75% of Memory Clinic Patients Have Undiagnosed Sleep Apnea

Sleep disturbances are increasingly recognized as modifiable risk factors for dementia, yet they remain largely undetected in the clinical settings where at-risk patients are most concentrated — memory clinics. This study from the Healthy Brain Ageing Clinic in Sydney, Australia, represents one of the largest and most comprehensive examinations of sleep disorders in a memory clinic population, using a multi-modal approach combining self-report questionnaires, wrist actigraphy, and full polysomnography (PSG) over a 15-year period from 2009 to 2024.

The sample comprised 1,234 adults aged 50 and older (mean age 67.2 years, 46% male) presenting with cognitive concerns. Participants were classified as having subjective cognitive impairment (SCI), mild cognitive impairment (MCI — amnestic or non-amnestic), or early dementia using standardized consensus criteria. Sleep was assessed across multiple dimensions: OSA via PSG and prior clinical history; sleep duration and circadian phase via both self-report and actigraphy; and insomnia, sleep quality, and RBD symptoms via validated questionnaires including the Insomnia Severity Index, Pittsburgh Sleep Quality Index, and REM Sleep Behavior Disorder Screening Questionnaire.

The prevalence findings were striking. Polysomnography revealed that 75.3% of participants met criteria for OSA, yet only 12.7% had a prior diagnosis — meaning the vast majority were undetected. Insomnia symptoms affected 12.0% of participants, 54.3% reported poor sleep quality, and 14.2% endorsed symptoms consistent with RBD. Critically, self-report and actigraphy measures of sleep duration showed poor concordance. Self-reported short sleep (≤6 hours) was reported by 30.5% of participants, compared to only 8.5% by actigraphy. Similarly, self-reported long sleep (≥9 hours) was endorsed by 10.2%, versus 5.1% by actigraphy. This systematic discrepancy suggests patients in this population significantly misperceive their own sleep duration, which has major implications for clinical reliance on self-report alone.

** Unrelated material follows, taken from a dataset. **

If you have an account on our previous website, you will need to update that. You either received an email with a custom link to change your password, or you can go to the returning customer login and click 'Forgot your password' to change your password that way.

Regarding cognitive associations, OSA was significantly linked to impaired global cognition (MMSE) and verbal memory (RAVLT delayed recall, p<0.05). Prolonged sleep duration was the most robust predictor of cognitive dysfunction, associated with deficits in global cognition, processing speed (TMT-A), verbal memory (RAVLT), and executive function (TMT-B), all at p<0.05. Multinomial logistic regression further showed that long sleep duration significantly predicted a higher likelihood of being classified as amnestic MCI (aMCI) compared to SCI. Unexpectedly, poor sleep quality was associated with better memory performance, a counterintuitive finding the authors suggest may reflect a reporting bias or compensatory hyperarousal in this population.

The clinical implications are substantial. Given that pathological changes underlying dementia begin 10–20 years before symptom onset, and that memory clinic attendees are already in a high-risk window, undetected sleep disorders represent a missed opportunity for intervention. The authors argue that routine, objective sleep screening — including PSG or at minimum validated actigraphy — should be integrated into memory clinic workflows. Relying on self-report alone is insufficient and potentially misleading. Treating OSA and addressing sleep duration abnormalities may offer a meaningful, modifiable pathway to slow cognitive decline in this vulnerable population.